Penjabat (Pj) Sekretaris Daerah Provinsi Kalteng, Linae Victoria Aden, menyampaikan bahwa penerapan sistem kerja tersebut masih memerlukan sejumlah perbaikan agar berjalan optimal.
Ia berharap kebijakan WFH tidak hanya berdampak pada fleksibilitas kerja, tetapi juga mampu menekan penggunaan energi di lingkungan perkantoran.
“Kami berharap dengan WFH ini bisa mendorong efisiensi energi, seperti penggunaan listrik dan lainnya, meskipun pembagian tugas sudah berjalan,” ujarnya di Kantor Gubernur Kalteng, Palangka Raya, Kamis, 16 April 2026.
Linae juga mengingatkan agar pelaksanaan WFH setiap hari Jumat tidak disalahgunakan oleh ASN sebagai kesempatan memperpanjang waktu libur. Menurutnya, aturan dan prosedur kerja telah disusun agar kinerja tetap terjaga.
“Jangan sampai WFH ini dianggap seperti ‘long weekend'. Walaupun di rumah, pekerjaan tetap harus dilaksanakan sesuai ketentuan,” tegasnya.

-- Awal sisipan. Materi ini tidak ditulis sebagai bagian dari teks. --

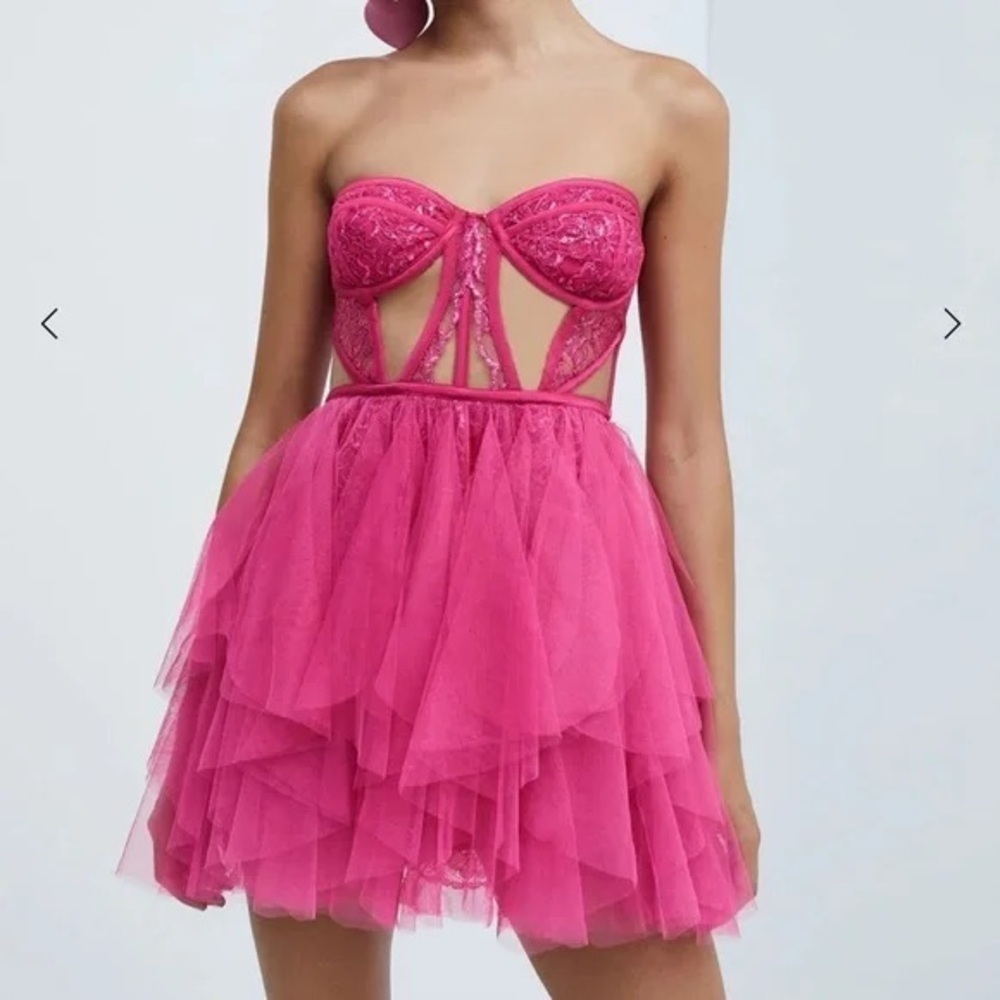 For Love & Lemons Hot Pink Strapless Cutout Mini Dress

Dalam upaya menjaga disiplin, Pemprov Kalteng menerapkan sistem pengawasan yang ketat. ASN diwajibkan melakukan absensi melalui dua metode, yakni secara digital dan manual. Selain itu, Inspektorat Daerah turut dilibatkan untuk melakukan evaluasi berkala.
Kebijakan WFH, lanjut Linae, tidak berlaku bagi seluruh unit kerja. Pelayanan publik tetap berjalan secara langsung di kantor, sementara pejabat struktural, khususnya eselon II, diwajibkan hadir secara fisik.

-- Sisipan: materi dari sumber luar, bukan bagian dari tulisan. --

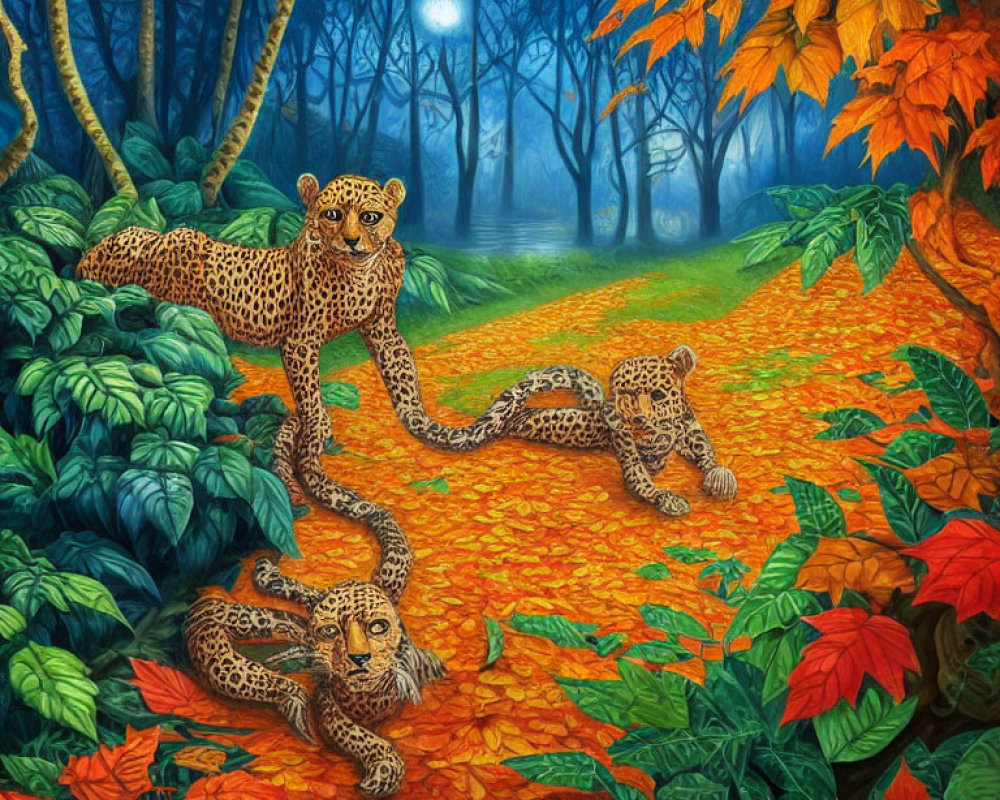 Leopards in Autumn Forest with Orange Leaves and Blue Background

“Pejabat eselon II tetap bekerja di kantor, didukung oleh aparatur yang diperlukan untuk menunjang pelaksanaan tugas di masing-masing perangkat daerah,” katanya.

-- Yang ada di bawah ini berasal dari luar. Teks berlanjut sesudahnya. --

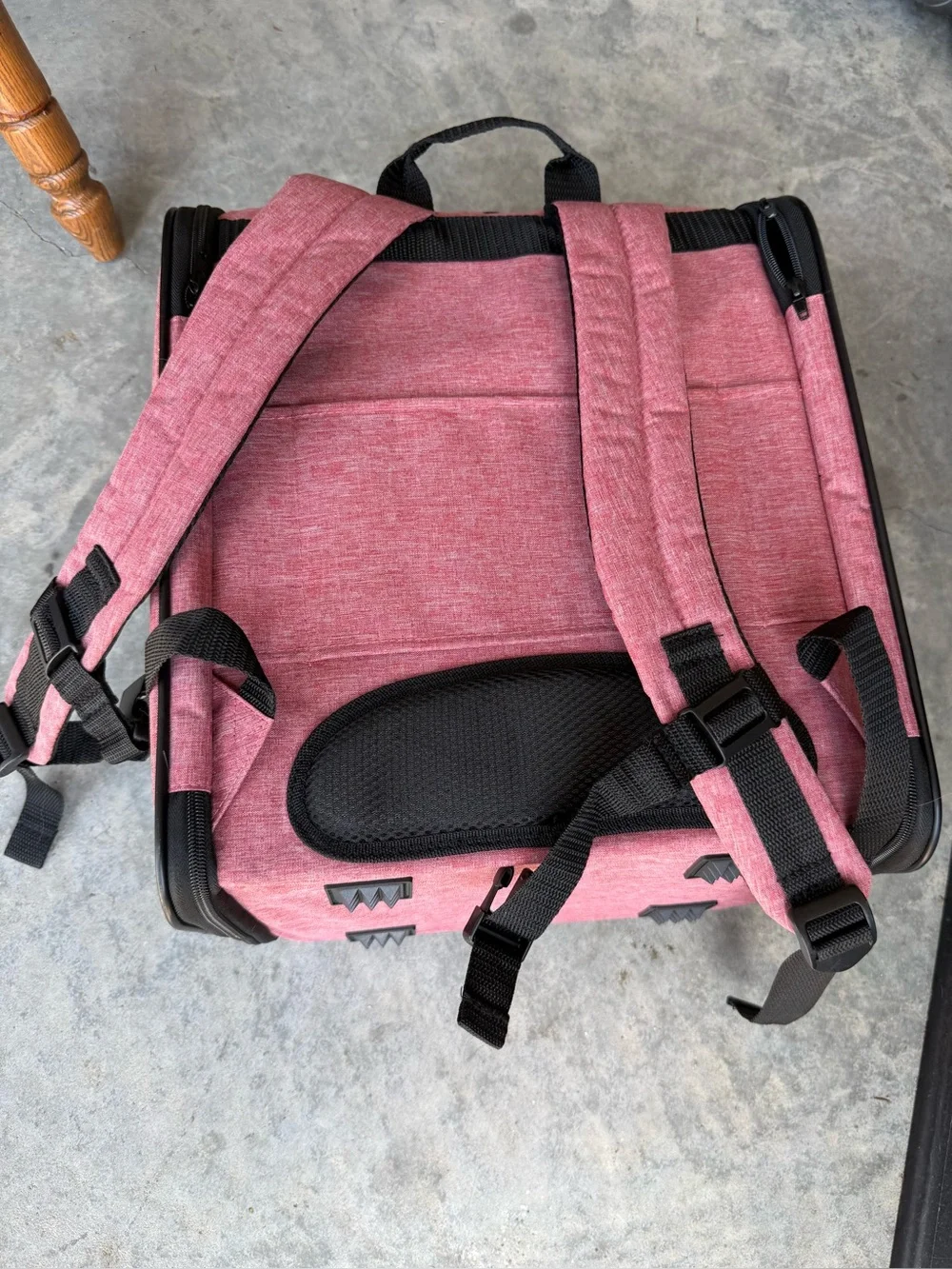 Pink Pet Carrier Backpack with Front Pocket adjustable straps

Ia menambahkan, jika terdapat agenda penting pada hari Jumat, pelaksanaannya dapat dilakukan secara daring untuk menyesuaikan dengan pola kerja ASN yang menjalankan WFH.
Ke depan, kebijakan serupa direncanakan juga akan diterapkan oleh pemerintah kabupaten dan kota di wilayah Kalimantan Tengah.
Sebagai informasi, Pemprov Kalteng mulai memberlakukan pola kerja kombinasi sejak 10 April 2026, dengan skema empat hari bekerja di kantor dan satu hari WFH setiap Jumat.
Kebijakan ini mengacu pada Surat Edaran Menteri Dalam Negeri Nomor 800.1.5/3349/SJ tentang pelaksanaan tugas ASN pemerintah daerah melalui mekanisme WFO dan WFH. Ketentuan tersebut juga diperkuat melalui Surat Edaran Gubernur Kalimantan Tengah Nomor 31 Tahun 2026.